Uma semana depois da tragédia, os trabalhos de limpeza continuavam nas ruas enlameadas de Muçum, onde foram encontrados 16 dos 47 mortos pelo ciclone, além de 50 pessoas desaparecidas.
Alertado pelas previsões de forte chuva, Simonaio, de 74 anos, enviou algumas máquinas da sorveteria ao galpão de um amigo em uma área elevada, que saiu ilesa das cheias anteriores do rio.
Mas o depósito também foi inundado.
Já Selmar Klunk ajudava os vizinhos da cidade próxima de Encantado a recolher suas coisas durante a emergência climática. Já de madrugada, este diretor de uma associação regional de turismo, de 38 anos, recebeu a notícia de que as águas haviam alcançado o estacionamento onde havia deixado seu carro, a dois quilômetros do rio.
Em Muçum, casas aparentemente sólidas também ficaram em ruínas.

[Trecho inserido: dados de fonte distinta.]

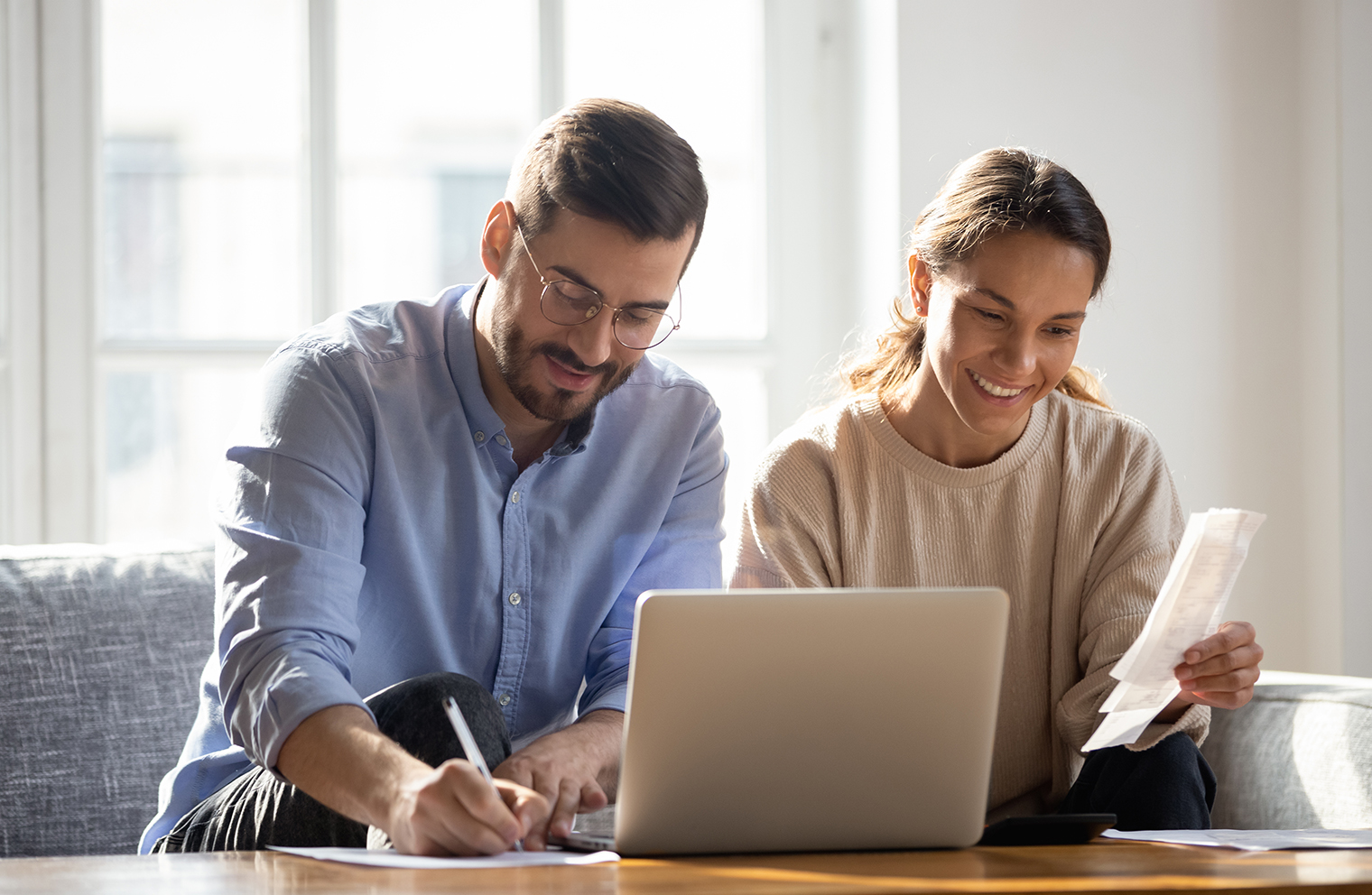 A husband and wife look at a laptop together.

Especialistas atribuem essas tragédias aos eventos climáticos “extremos”, cada vez mais recorrentes no mundo, como as chuvas torrenciais que atingiram outros lugares como Hong Kong, Grécia e Líbia neste mesmo mês.
“Vidas humanas estão sendo seriamente afetadas por esse contexto de aquecimento excessivo da atmosfera planetária, o que se traduz em eventos extremos que vão acometer vários lugares ao redor do mundo”, disse à AFP Dakir Larara Machado Silva, professor de climatologia da Universidade Federal do Rio Grande do Sul (UFRGS).
E exemplifica: “Chuvas intensas – o que acontecia em um mês inteiro, acontece em 24 horas -, ondas de calor recordes completamente fora dos padrões, períodos de estiagem prolongados…”.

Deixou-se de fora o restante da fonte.